* **ACTIVITY**:
Transcribe all of the data exactly. Omit the pictures.

* **PROVIDED DATA**:
##############################

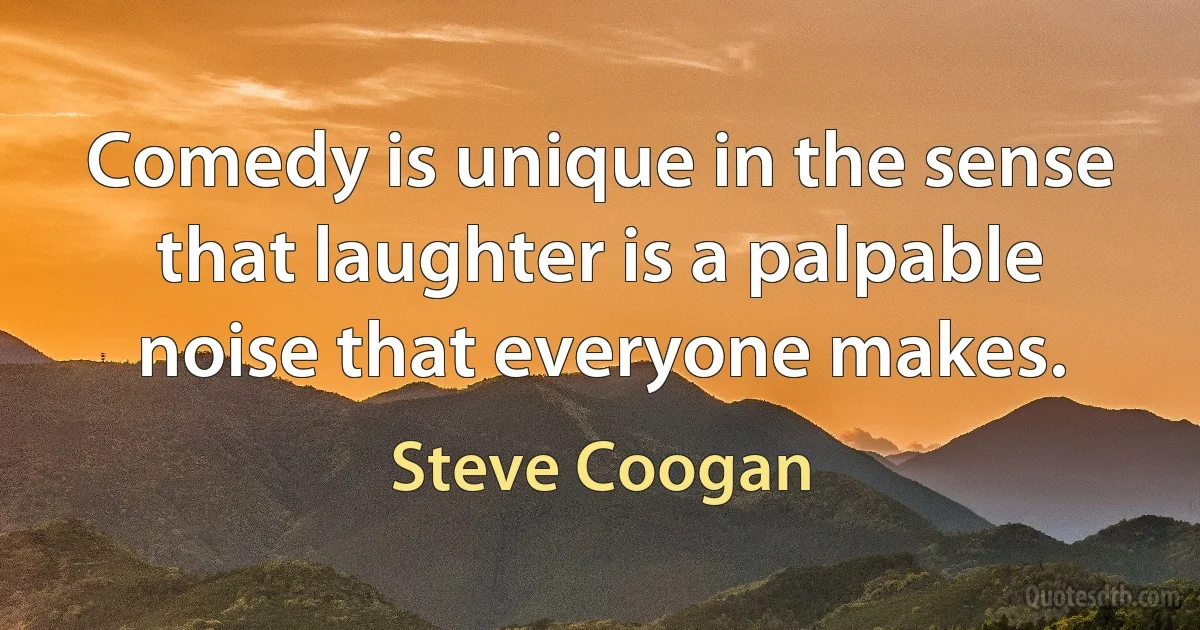 Comedy is unique in the sense that laughter is a palpable noise that everyone makes. (Steve Coogan)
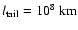 $l_{\rm tail} = 10^8~{\rm km}$
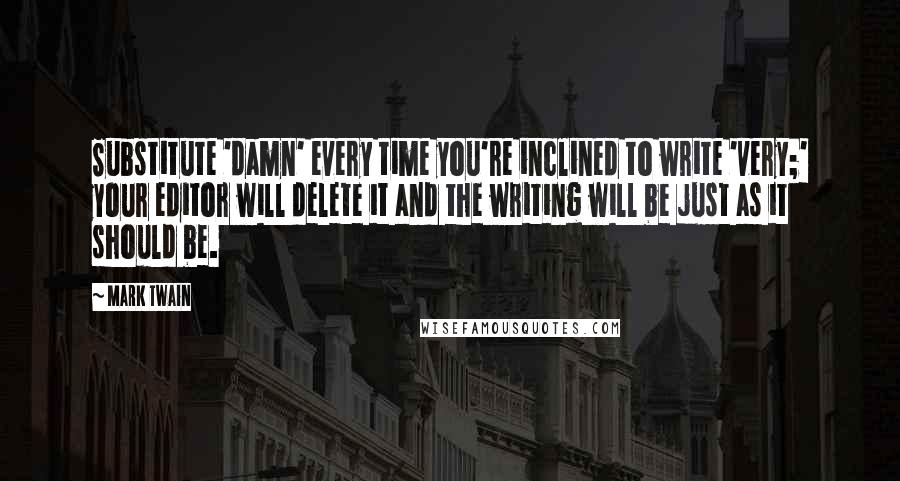 Mark Twain Quotes: Substitute 'damn' every time you're inclined to write 'very;' your editor will delete it and the writing will be just as it should be.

##############################

* **TASK RESULT**:
 Comedy is unique in the sense that laughter is a palpable noise that everyone makes. (Steve Coogan)
 $l_{\rm tail} = 10^8~{\rm km}$
 Mark Twain Quotes: Substitute 'damn' every time you're inclined to write 'very;' your editor will delete it and the writing will be just as it should be.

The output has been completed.